Bislang vier Ermittlungsverfahren sind der Antwort zufolge gegen Autofahrerinnen und Autofahrer eingeleitet worden. Zu einer Anklage oder der Beantragung eines Strafbefehls sei es allerdings noch nicht gekommen. Eines der Verfahren habe man bereits eingestellt. Im Zusammenhang mit Straftaten der Aktivistinnen und Aktivisten selbst wurde zuletzt von insgesamt 2700 Anzeigen berichtet.

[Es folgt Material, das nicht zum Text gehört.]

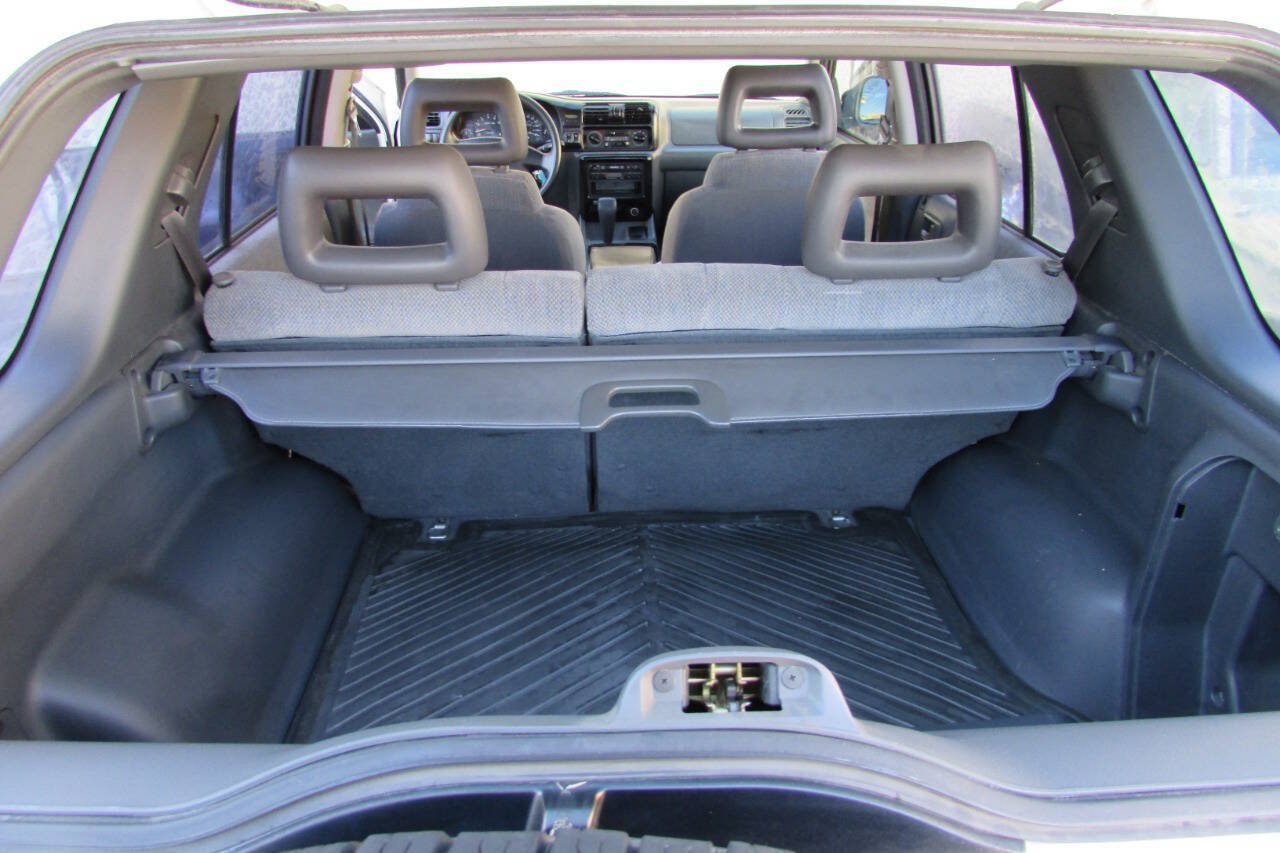 Used 1999 Isuzu Rodeo LS RWD image 28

»Natürlich haben wir es hier mit deutlich weniger Fällen zu tun, aber trotzdem muss die Gleichheit vor dem Recht gelten«, sagt Franco. Es stelle sich auch die Frage, inwiefern Übergriffe von Seiten der Autofahrerinnen und Autofahrer zur Anzeige gebracht würden. »Wenn die Polizei vor Ort ist, muss sie einschreiten. Ich habe schon oft gesehen, dass ermahnende Gespräche geführt werden, wenn jemand beispielsweise beleidigend wird.«

Kritik übt Franco nicht zuletzt an Innensenatorin Iris Spranger (SPD) und deren Umgang mit dem bisweilen aggressiven Auftreten der Blockierten. Im Abgeordnetenhaus habe er sich bereits nach dem Vorfall am Sachsendamm bei Spranger nach Straftaten von Seiten der Autofahrenden erkundigt. »Die Innensenatorin hat Verständnis für die Übergriffe gezeigt und lieber betont, dass die Geduld der Berlinerinnen und Berliner am Ende sei«, sagt der Grünen-Politiker. Erst dann habe die Innensenatorin darum gebeten, den Behörden zu vertrauen und auf »Selbstjustiz« zu verzichten. Eine deutliche Distanzierung von der Gewalt Autofahrender scheine ihr schwerzufallen.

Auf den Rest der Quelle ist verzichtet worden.